_Data segment_
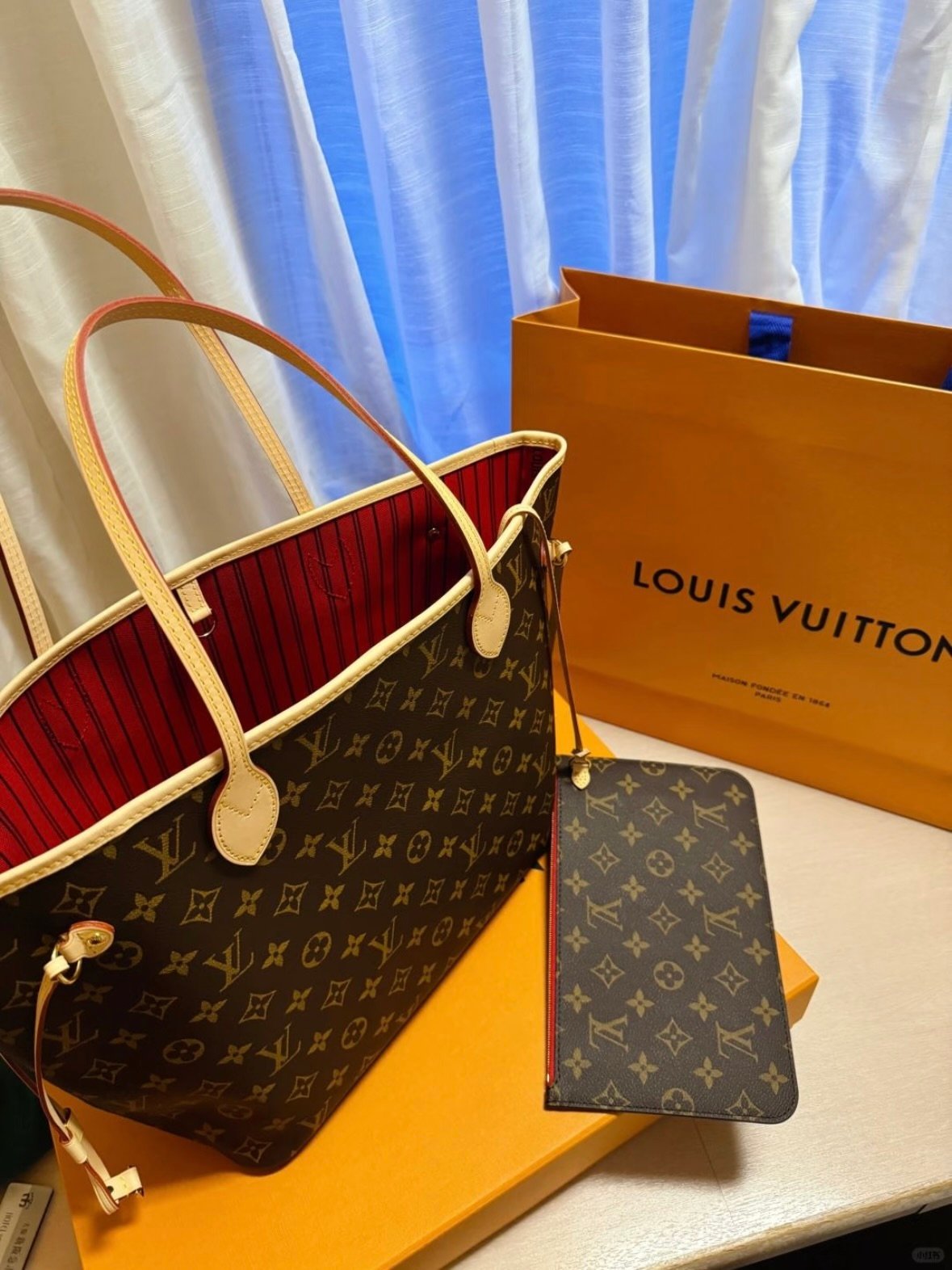 LV NEVERFULL medium photo review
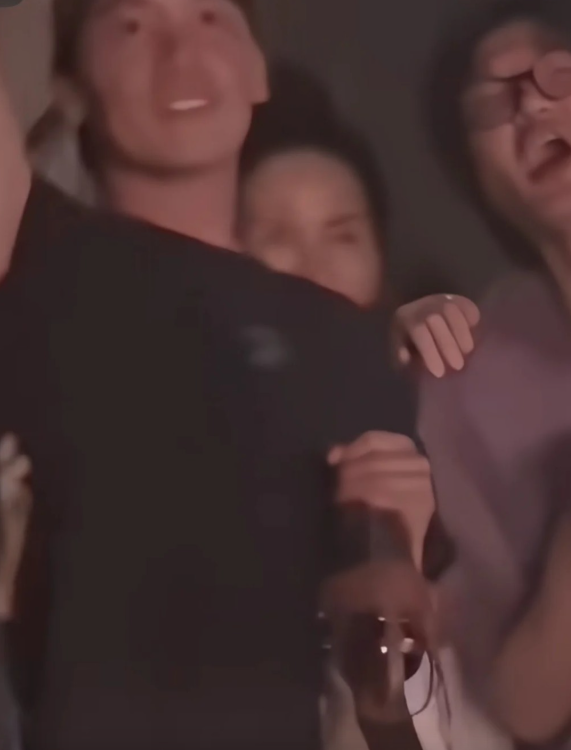 王菲低调现身谢霆锋演唱会惊传已秘婚！镜头惊见左手无名指戴钻戒画面疯传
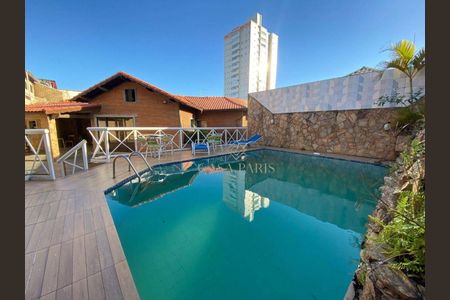 28_photo/94ce20ced9.9a54faa83c3e471c-ATLAS-d39d440a-9612-45b8-afd1-04b8ccd74a41.jpg de casa à venda com 3 quartos, 275m² em Solemar, Praia Grande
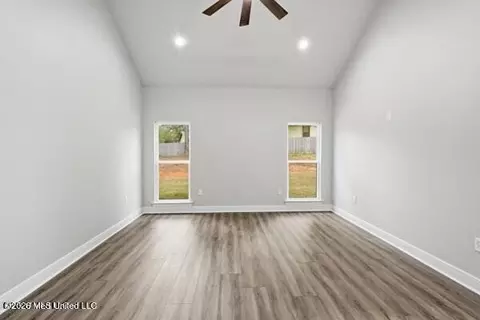 Living - 55 Switch Dr, Carriere, MS 39426 photo 2 of 2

_Exercise brief_
Omit the pictures, then print the rest of the listing above exactly.

_Task answer_
 LV NEVERFULL medium photo review
 王菲低调现身谢霆锋演唱会惊传已秘婚！镜头惊见左手无名指戴钻戒画面疯传
 28_photo/94ce20ced9.9a54faa83c3e471c-ATLAS-d39d440a-9612-45b8-afd1-04b8ccd74a41.jpg de casa à venda com 3 quartos, 275m² em Solemar, Praia Grande
 Living - 55 Switch Dr, Carriere, MS 39426 photo 2 of 2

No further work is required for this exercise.